“How an algorithm can fight election bias so every vote counts” By Brian Olson (It is titled differently on YouTube but it is the same video)
In Brian Olson’s TED Talk, he spoke about how human-made congressional districts are often racially or partisanly biased and proposed his computer algorithm as a way to mitigate this issue. The main points of the speech included defining gerrymandering with a divided array as an example, showing how gerrymandering is implemented in real-world cases (Florida and North Carolina), and finally demonstrating how his compactness algorithm helps to fix the gerrymander. Although this topic is something I am already fairly knowledgeable on, I did find his explanation of compactness and his algorithm to be illuminating, and it helped me to get a deeper understanding of how compactness algorithms work in relation to population size/density.
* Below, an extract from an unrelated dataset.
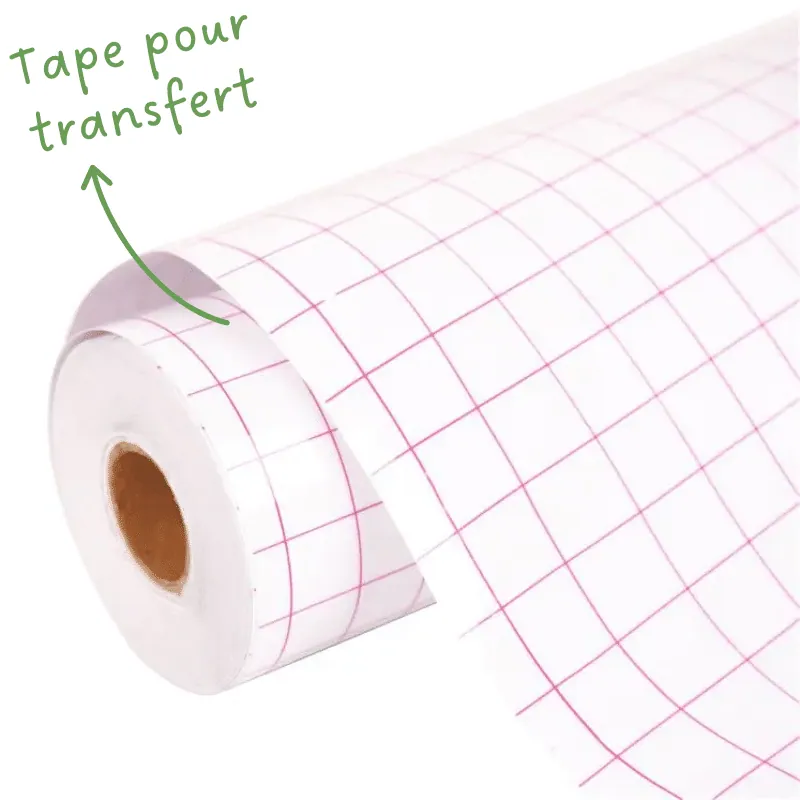 Rouleau de tape de transfert quadrillé, pour reporter le motif en vinyle sur la gourde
Olson was one of the more obviously nervous TED speakers I have seen, but he was still able to communicate his message to the audience effectively. Although he may have stumbled over a few words, Olson sounded very knowledgeable about the topic, adding ethos to his argument and making the audience trust his algorithm. Olson also used a more conversational/storytelling style, which differentiates a TED Talk from a normal speech. Instead of simply delivering a memorized script, it felt like Olson was explaining the topic to a friend or colleague. This made a potentially complicated or confusing topic accessible to the broader audience.